» **Problem statement**
When the line with "Review 10 quán" turns up below, begin repeating exactly, and carry on through the line with "Boekpresentatie Jos Brink"; no pictures go into the copy.

» **Data supplied**
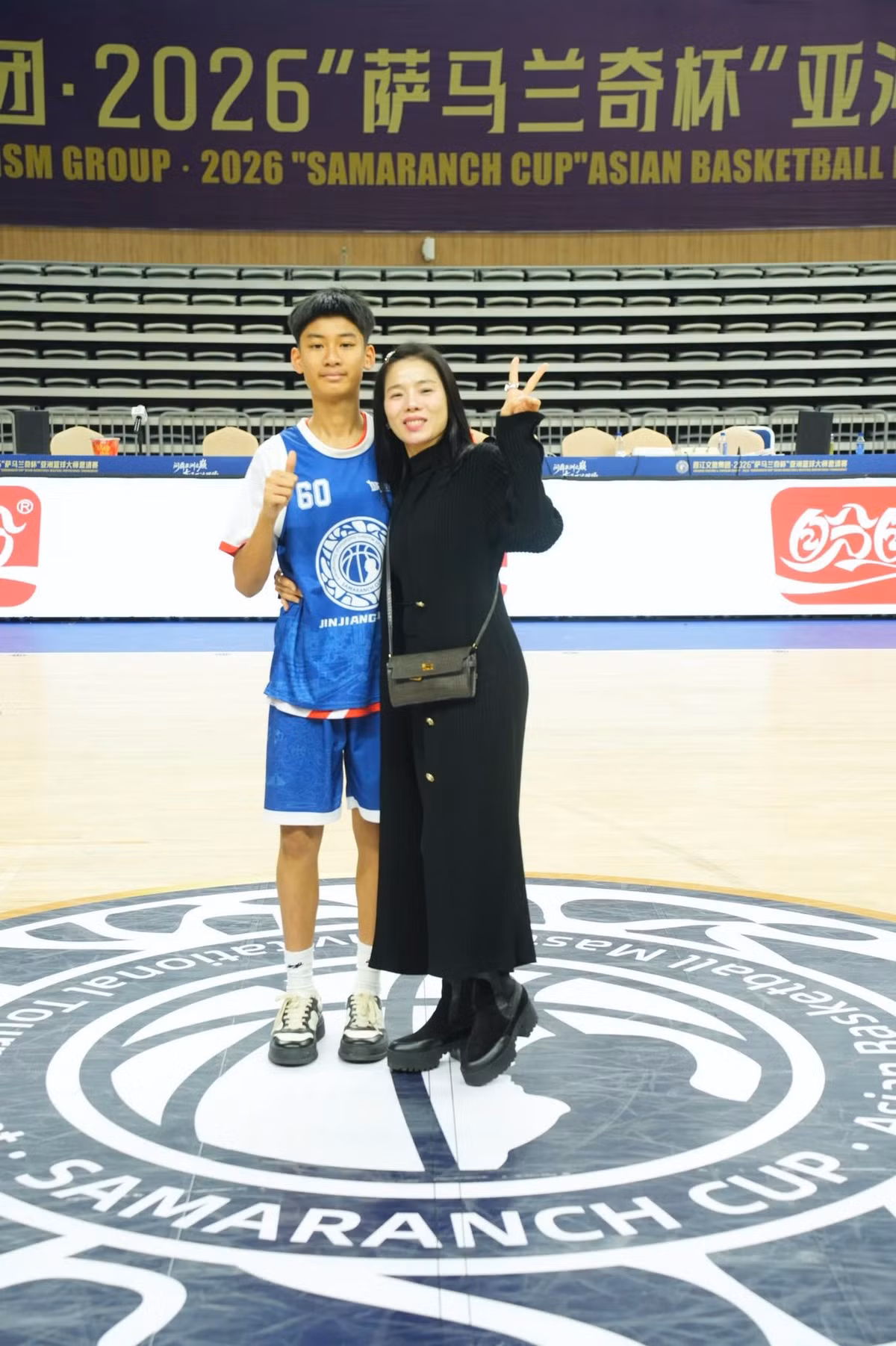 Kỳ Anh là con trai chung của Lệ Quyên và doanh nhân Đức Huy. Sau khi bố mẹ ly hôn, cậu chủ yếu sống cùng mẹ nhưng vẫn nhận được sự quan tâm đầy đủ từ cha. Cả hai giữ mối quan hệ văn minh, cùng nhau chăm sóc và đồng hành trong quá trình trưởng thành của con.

--

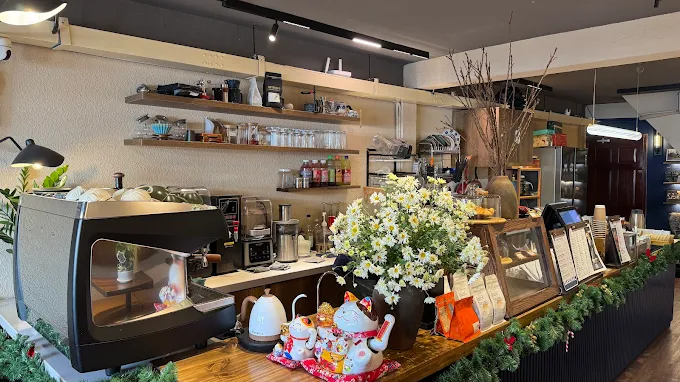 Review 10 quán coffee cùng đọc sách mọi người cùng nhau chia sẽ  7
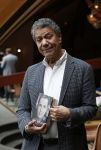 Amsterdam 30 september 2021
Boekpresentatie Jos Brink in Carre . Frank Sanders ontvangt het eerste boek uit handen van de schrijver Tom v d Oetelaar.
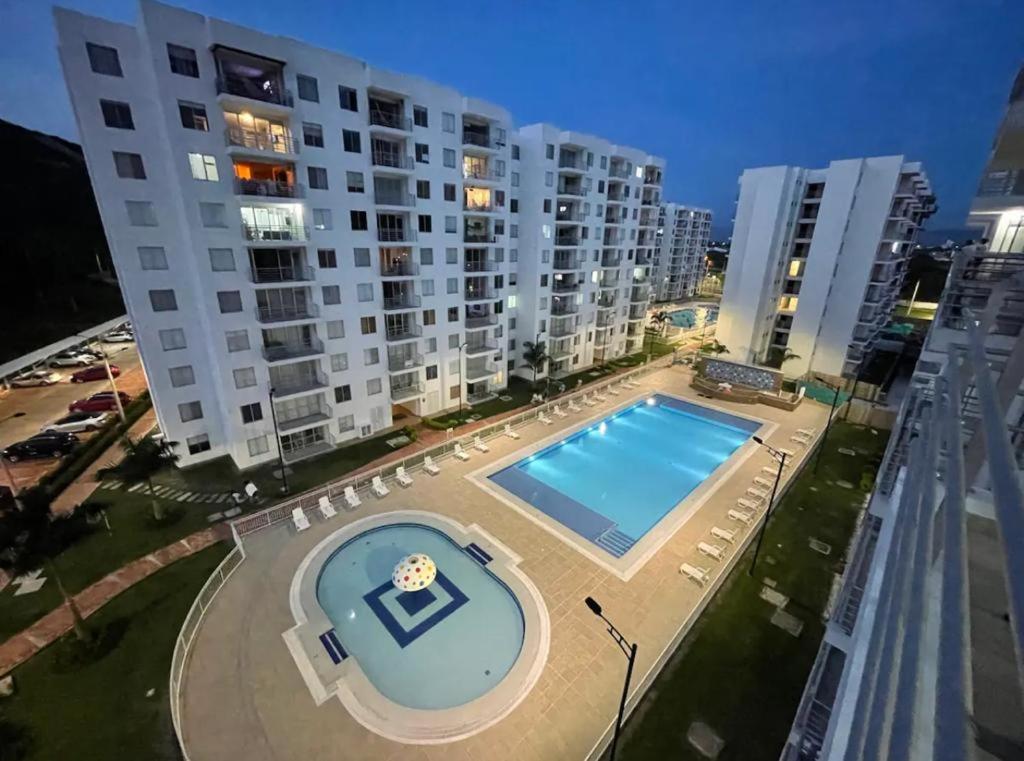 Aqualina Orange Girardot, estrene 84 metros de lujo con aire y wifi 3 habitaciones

==

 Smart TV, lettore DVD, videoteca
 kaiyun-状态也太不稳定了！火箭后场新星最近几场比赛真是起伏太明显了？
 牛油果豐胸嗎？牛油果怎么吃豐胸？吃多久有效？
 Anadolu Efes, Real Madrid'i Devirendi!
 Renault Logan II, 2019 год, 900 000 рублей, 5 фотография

» **Result of the task**
 Review 10 quán coffee cùng đọc sách mọi người cùng nhau chia sẽ  7
 Amsterdam 30 september 2021
Boekpresentatie Jos Brink in Carre . Frank Sanders ontvangt het eerste boek uit handen van de schrijver Tom v d Oetelaar.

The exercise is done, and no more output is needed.